====== Dataset extract ======
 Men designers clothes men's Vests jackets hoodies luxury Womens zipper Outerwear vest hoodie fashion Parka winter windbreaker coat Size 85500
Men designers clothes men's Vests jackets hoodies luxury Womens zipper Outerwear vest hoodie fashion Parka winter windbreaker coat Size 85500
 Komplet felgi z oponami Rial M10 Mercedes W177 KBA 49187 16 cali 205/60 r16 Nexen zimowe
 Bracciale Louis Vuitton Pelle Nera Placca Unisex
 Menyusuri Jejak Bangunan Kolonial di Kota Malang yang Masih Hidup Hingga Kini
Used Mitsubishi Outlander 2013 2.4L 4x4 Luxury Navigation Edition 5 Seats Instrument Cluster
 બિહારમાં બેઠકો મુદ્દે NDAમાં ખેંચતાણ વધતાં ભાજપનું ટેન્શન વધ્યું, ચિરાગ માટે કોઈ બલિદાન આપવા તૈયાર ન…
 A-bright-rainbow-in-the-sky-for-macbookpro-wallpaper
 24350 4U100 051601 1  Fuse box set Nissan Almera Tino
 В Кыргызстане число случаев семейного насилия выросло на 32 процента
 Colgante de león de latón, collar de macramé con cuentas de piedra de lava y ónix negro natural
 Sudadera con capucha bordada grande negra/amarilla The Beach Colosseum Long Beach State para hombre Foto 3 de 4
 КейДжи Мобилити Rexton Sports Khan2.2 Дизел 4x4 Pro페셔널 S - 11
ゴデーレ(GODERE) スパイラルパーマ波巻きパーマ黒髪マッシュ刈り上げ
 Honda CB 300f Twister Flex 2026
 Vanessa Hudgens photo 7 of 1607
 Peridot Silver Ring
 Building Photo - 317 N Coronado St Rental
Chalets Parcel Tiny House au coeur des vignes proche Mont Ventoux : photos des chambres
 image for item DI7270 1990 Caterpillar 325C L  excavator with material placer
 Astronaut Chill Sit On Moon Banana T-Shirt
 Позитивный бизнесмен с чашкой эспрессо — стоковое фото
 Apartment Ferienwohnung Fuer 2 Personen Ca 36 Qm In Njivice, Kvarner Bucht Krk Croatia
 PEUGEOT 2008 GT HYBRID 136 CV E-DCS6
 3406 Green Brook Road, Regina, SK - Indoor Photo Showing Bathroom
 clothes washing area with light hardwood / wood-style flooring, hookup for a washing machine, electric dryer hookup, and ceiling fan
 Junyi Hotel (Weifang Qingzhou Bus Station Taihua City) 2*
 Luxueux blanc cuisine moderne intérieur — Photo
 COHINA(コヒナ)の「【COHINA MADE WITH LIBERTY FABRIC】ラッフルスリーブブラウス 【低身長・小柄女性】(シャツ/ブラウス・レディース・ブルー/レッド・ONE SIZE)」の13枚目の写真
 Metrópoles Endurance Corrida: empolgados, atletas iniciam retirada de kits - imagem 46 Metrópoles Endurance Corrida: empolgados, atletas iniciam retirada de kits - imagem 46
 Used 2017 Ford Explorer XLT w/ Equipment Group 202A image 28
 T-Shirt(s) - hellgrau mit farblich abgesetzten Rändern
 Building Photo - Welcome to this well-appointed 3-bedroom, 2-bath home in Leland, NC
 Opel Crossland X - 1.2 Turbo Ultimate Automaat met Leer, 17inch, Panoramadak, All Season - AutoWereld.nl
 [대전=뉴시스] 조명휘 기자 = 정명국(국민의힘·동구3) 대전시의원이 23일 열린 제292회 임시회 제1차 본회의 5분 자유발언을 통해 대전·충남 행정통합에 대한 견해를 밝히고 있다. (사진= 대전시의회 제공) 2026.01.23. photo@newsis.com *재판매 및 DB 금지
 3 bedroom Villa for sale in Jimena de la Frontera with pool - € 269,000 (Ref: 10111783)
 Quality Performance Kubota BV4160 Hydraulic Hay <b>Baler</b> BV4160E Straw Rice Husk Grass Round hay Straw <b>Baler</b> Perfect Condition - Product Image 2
======
• _Your instructions_:
List every line from the entries above in which "hoodie" appears.

• _Solution for this problem_:
 Men designers clothes men's Vests jackets hoodies luxury Womens zipper Outerwear vest hoodie fashion Parka winter windbreaker coat Size 85500
Men designers clothes men's Vests jackets hoodies luxury Womens zipper Outerwear vest hoodie fashion Parka winter windbreaker coat Size 85500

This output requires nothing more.